#### Exercise requirements
Type the data below again exactly. Omit all pictures.

#### Material for this exercise

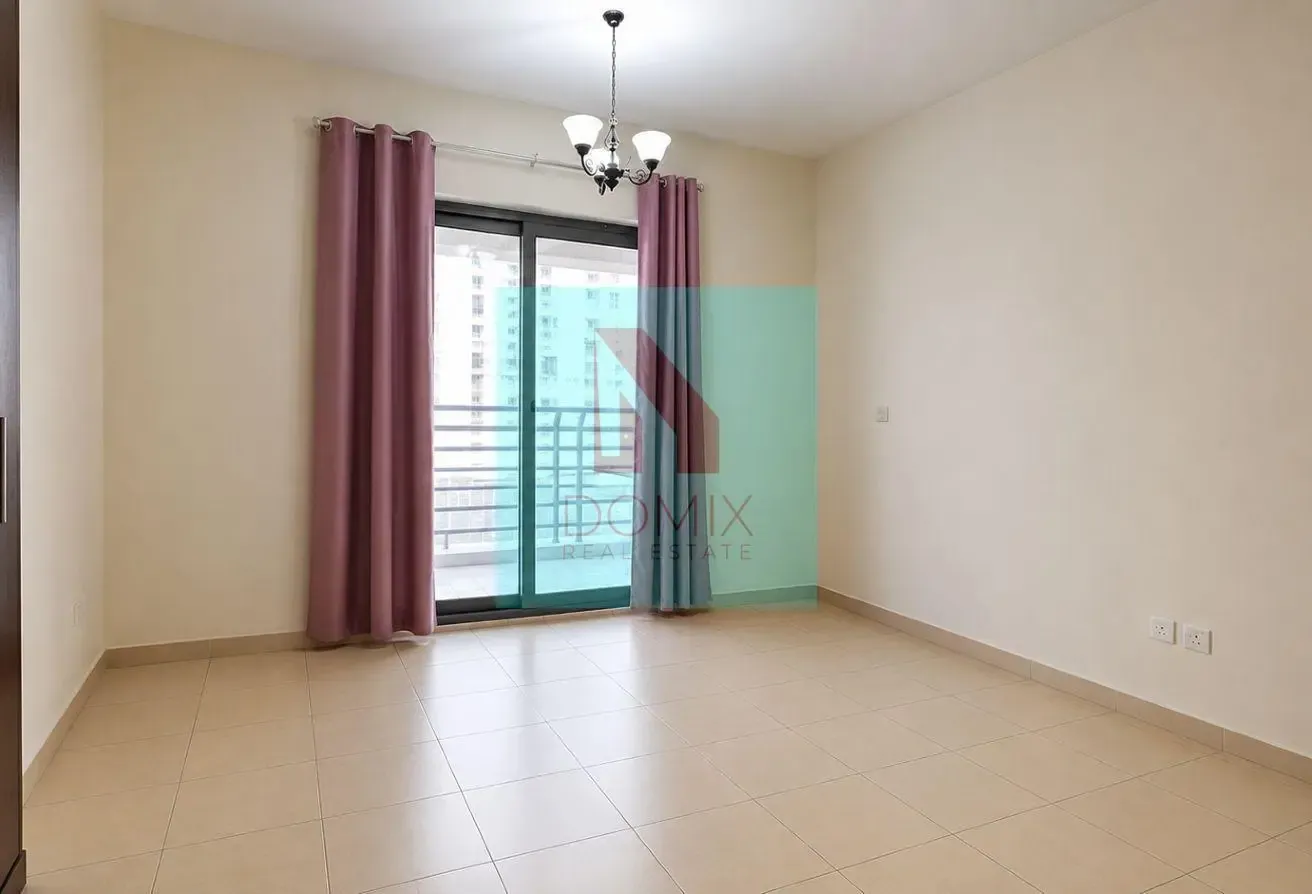 Large Studio with Balcony | Desert Sun Tower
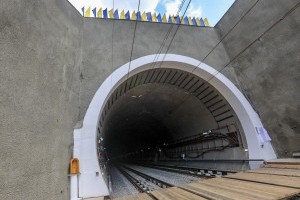 Ворота в Европу открыты: в Карпатах запустили Бескидский тоннель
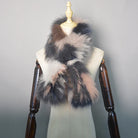 Luxuriöser Kunstpelzschal in Grau und Rosa auf Schneiderpuppe. Modisches Accessoire, ideal für Winteroutfits. Flauschig, elegant, stilvoll.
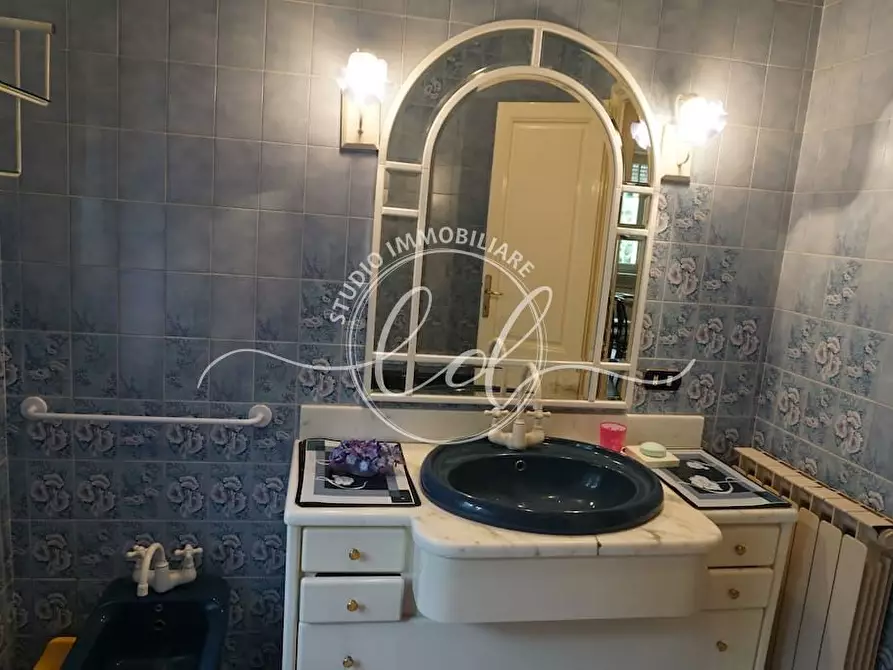 Immagine 21 di Pentalocale in affitto  a Camaiore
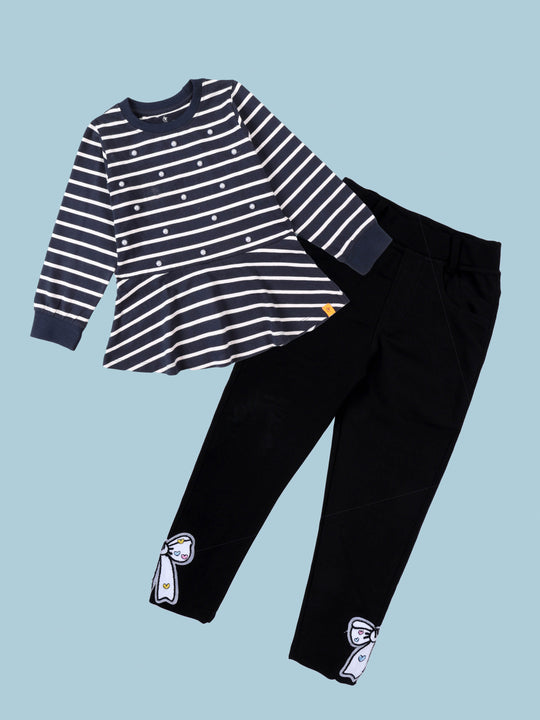 Kiddopanti Girls Cotton Stripe Full Sleeve Round Neck Top & Twill Jegging Pant With Bows Set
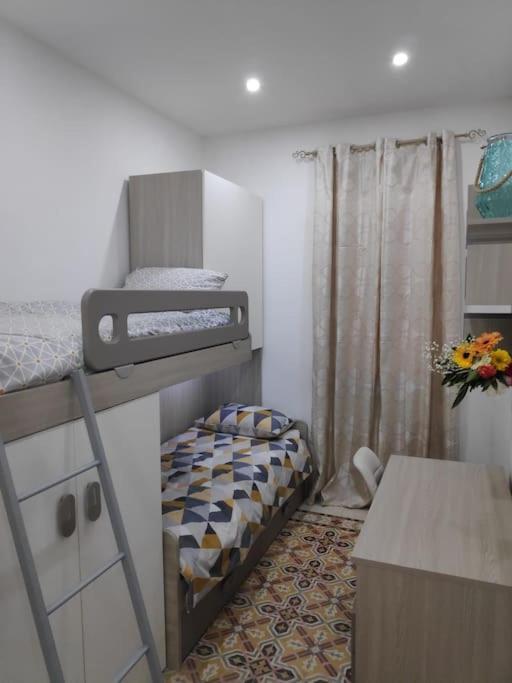 Cheerful 3 Bedroom Town House With Garage Free Parking Inside Or Outside With Back Yard And Roof Vakantiehuis Sliema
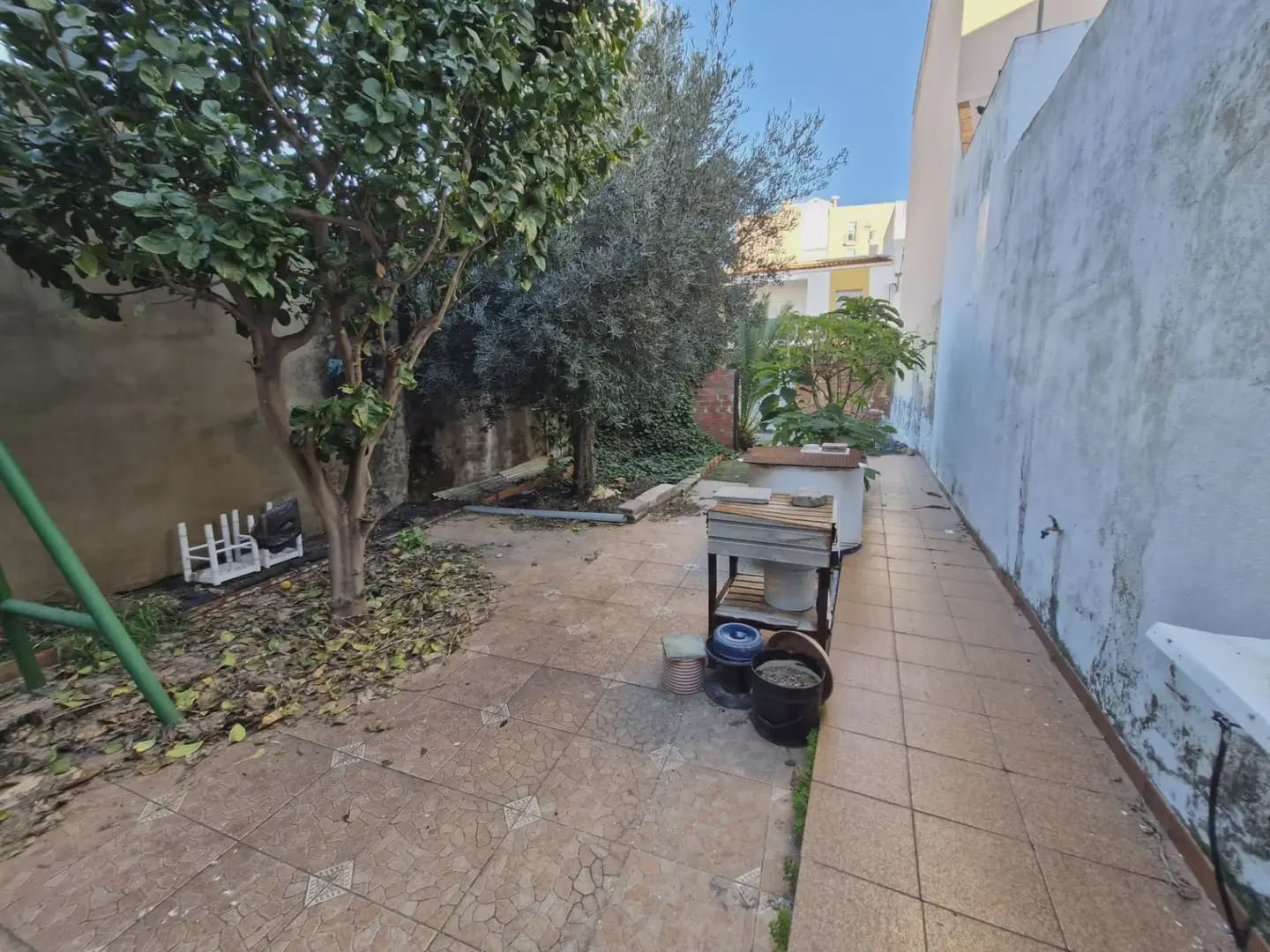 Byggetomt til salgs i La Linea de la Concepcion - € 95 000 (Ref: 9818590)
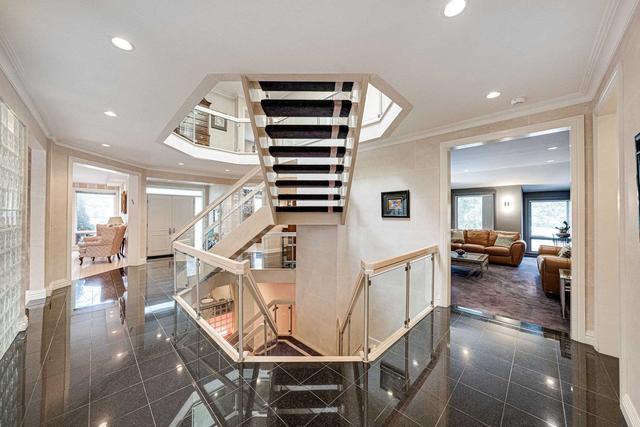 81 Thornridge Dr, House detached with 5 bedrooms, 8 bathrooms and 13 parking in Vaughan ON | Image 5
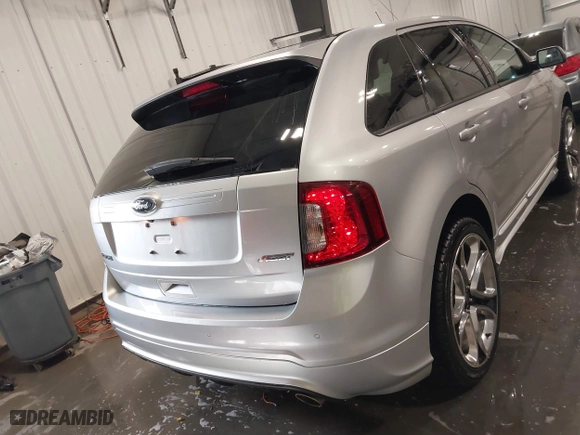 2014 Ford Edge Sport with VIN 2FMDK3AK5EBB73026, listed as a IAAI auction lot 41371831 with 67,802 mi miles. Bid and sale history available at carsss.com. Image 17.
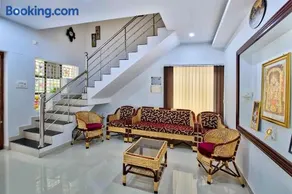 Rams Guest House with Kitchen Near Kochu Veli Railway station & Lulu Mall - Image 5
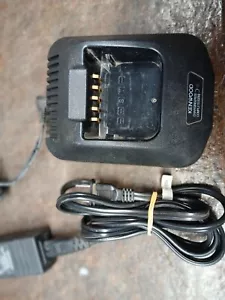 Genuine OEM Kenwood KSC-25 Rapid Charger w/ AC Adapter W08-1058 - Picture 1 of 3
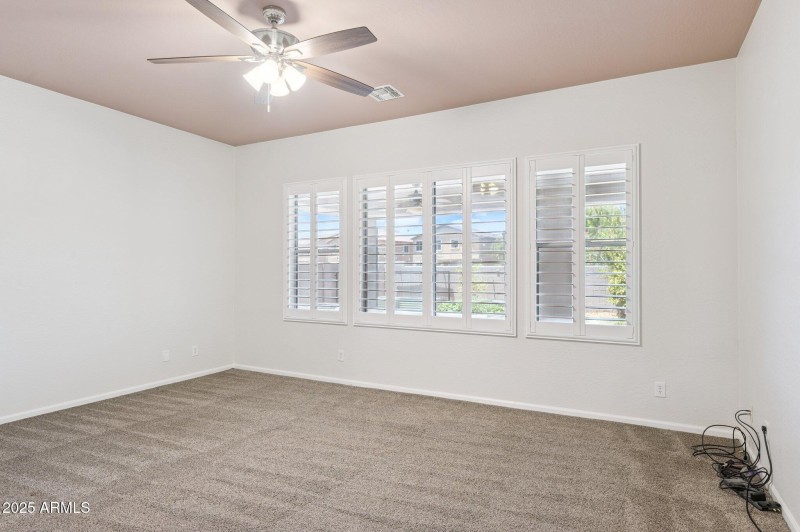 20-web-or-mls-20226-n-madison-dr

#### Solved problem
 Large Studio with Balcony | Desert Sun Tower
 Ворота в Европу открыты: в Карпатах запустили Бескидский тоннель
 Luxuriöser Kunstpelzschal in Grau und Rosa auf Schneiderpuppe. Modisches Accessoire, ideal für Winteroutfits. Flauschig, elegant, stilvoll.
 Immagine 21 di Pentalocale in affitto  a Camaiore
 Kiddopanti Girls Cotton Stripe Full Sleeve Round Neck Top & Twill Jegging Pant With Bows Set
 Cheerful 3 Bedroom Town House With Garage Free Parking Inside Or Outside With Back Yard And Roof Vakantiehuis Sliema
 Byggetomt til salgs i La Linea de la Concepcion - € 95 000 (Ref: 9818590)
 81 Thornridge Dr, House detached with 5 bedrooms, 8 bathrooms and 13 parking in Vaughan ON | Image 5
 2014 Ford Edge Sport with VIN 2FMDK3AK5EBB73026, listed as a IAAI auction lot 41371831 with 67,802 mi miles. Bid and sale history available at carsss.com. Image 17.
 Rams Guest House with Kitchen Near Kochu Veli Railway station & Lulu Mall - Image 5
 Genuine OEM Kenwood KSC-25 Rapid Charger w/ AC Adapter W08-1058 - Picture 1 of 3
 20-web-or-mls-20226-n-madison-dr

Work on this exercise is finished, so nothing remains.